The BBC reports that South Korea has signed a large land deal with Tanzania to develop land for ‘processed goods’. Half the 1000 km2 will be developed for local farmers according to the report. This comes after a number of deals involving state-owned and private companies from Saudi Arabia, Qatar, Kuwait, the US, UK and India. A good graphic accompanies an Economist article on the subject.
Whilst I don’t have a problem with companies exploiting land for commercial farming in principal I have reservations about state actors buying up huge parcels of land. State agencies may well be inclined to exploit power-relationships and political-economic hegemony to reduce regulation, ignore local concerns and escape oversight. Workers rights, environmental protection and local food security could all be at risk, not to mention property rights, access to historical commons, and cultural practices. Monocultures are rarely smart and the introduction of foreign agricultural methods need to be carefully thought through.

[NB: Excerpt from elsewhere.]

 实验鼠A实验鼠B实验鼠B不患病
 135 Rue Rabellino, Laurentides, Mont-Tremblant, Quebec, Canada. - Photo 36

A case in point in Sekab’s plan to purchase 400000 hectares of land in Tanzania for ethanol production. By my reckoning that is an area larger than 63*63 km. This is actually relatively small compared to some of the other land deals in the pipeline but in this case it is a Swedish company that is involved, and one that is mostly state owned. Colleagues of mine have listed their concerns (in Swedish) regarding the deal. These include a lack of transparency, particularly in the environment impact assessment, forced appropriation of local farmers’ land, and dubious carbon emission/green house gas benefits.
The common thread in all these reports is the lack of consultation at the regional and local level, poor communication and a near total absence of transparency and the prospect of weak regulation. These deals will have medium to long term consequences for the regions in which they inhabit. It would be a tragedy if the deals were allowed to go ahead for short term political gain only to further degrade the quality of life of populations that are already under privileged. In the case of the Sekab deal I invoke the law of unintended consequences. When George Bush boosted US domestic ethanol production using maize global food prices rocketed creating local shortages. Those promoting these vast deals should beware of the potential consequences for the countries they are dealing with but also their own, less efficient, small farmers.